Je suis DSI en France mais, au niveau mondial, je suis d'ailleurs aussi vice-président global innovation and analytics. Et notre principal objectif, en data science, c'est d'identifier les bons candidats et de rendre le recrutement le plus efficient possible. Et il faut être clair sur un point : l'IA ne résout pas tout !
Un collègue américain a une formule qui me plaît bien à ce sujet : « la guerre des talents est finie et les talents ont gagné ». Dans la plupart des pays, il y a une véritable inflation des salaires, ce qui a évidemment un gros impact pour nos activités, tant pour le service à nos clients que pour nous-mêmes. A cela s'ajoute la « Great Resignation » [la « Grande Démission »] : les gens veulent travailler différemment et l'écart se creuse entre ce que les gens veulent et ce dont les entreprises ont besoin. Il y a également un décalage croissant entre la formation initiale et les attentes des entreprises. Et pas seulement en France comme on l'entend trop souvent : c'est aussi le cas aux Etats-Unis.
Ma conviction est que ce double phénomène existait avant la crise sanitaire Covid-19 mais a été masquée durant la pandémie tout en continuant à se développer, peut-être même plus qu'avant. Clairement, il faut trouver une manière de réduire les décalages entre les talents disponibles et leurs souhaits d'une part, les besoins des entreprises d'autre part.

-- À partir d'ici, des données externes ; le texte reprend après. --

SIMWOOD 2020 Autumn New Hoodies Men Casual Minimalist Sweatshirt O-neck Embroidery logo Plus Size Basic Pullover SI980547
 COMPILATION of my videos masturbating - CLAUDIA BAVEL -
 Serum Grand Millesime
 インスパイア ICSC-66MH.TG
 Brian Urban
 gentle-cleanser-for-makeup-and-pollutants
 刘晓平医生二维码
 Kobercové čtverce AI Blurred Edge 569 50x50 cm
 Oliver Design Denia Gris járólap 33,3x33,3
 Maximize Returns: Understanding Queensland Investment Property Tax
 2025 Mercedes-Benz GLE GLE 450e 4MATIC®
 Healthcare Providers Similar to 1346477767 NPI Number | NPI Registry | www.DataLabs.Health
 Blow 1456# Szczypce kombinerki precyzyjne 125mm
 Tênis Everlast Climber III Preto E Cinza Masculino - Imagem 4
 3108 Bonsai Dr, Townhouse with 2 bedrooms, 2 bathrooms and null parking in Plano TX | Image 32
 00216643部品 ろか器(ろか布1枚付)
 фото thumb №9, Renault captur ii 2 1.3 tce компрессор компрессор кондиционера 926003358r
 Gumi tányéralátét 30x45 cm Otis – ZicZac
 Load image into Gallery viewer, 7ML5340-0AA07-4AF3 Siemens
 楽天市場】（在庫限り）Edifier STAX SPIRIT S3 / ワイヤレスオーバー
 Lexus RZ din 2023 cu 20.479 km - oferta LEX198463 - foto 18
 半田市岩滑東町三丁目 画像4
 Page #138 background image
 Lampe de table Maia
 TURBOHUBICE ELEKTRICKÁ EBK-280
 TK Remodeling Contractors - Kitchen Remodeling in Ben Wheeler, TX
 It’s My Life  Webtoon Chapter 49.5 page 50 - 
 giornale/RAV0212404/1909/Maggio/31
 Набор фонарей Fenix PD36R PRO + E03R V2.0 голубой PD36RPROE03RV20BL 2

En tant que DSI de ManpowerGroup, je suis dans la même situation que tous les autres DSI, avec de multiples postes ouverts et non comblés.

Du coup, comment faites-vous ?

Nous acceptons de plus en plus d'embaucher des gens qui n'ont pas toutes les compétences techniques nécessaires au départ et qui vont donc devoir apprendre. Bien sûr, le salaire qu'ils nous coûtent tient compte de cet écart. Et nous laissons les entreprises qui veulent payer plus cher embaucher les talents immédiatement opérationnels à 100 %.
Mais, ce qui fait grandir notre entreprise, en fin de compte, c'est le savoir-être. Le savoir-faire technico-technique a finalement une utilité limitée. Il nous faut des collaborateurs capables de s'adapter à la situation réelle. Si un architecte IT très talentueux arrive avec un projet génial à base de toutes les dernières super-technologies du moment, il va falloir deux ans pour mener le projet. Et, dans deux ans, ces super-technologies seront dépassées. Nous avons donc besoin de quelqu'un qui va améliorer l'existant ou faire ce qu'il faut pour être efficient.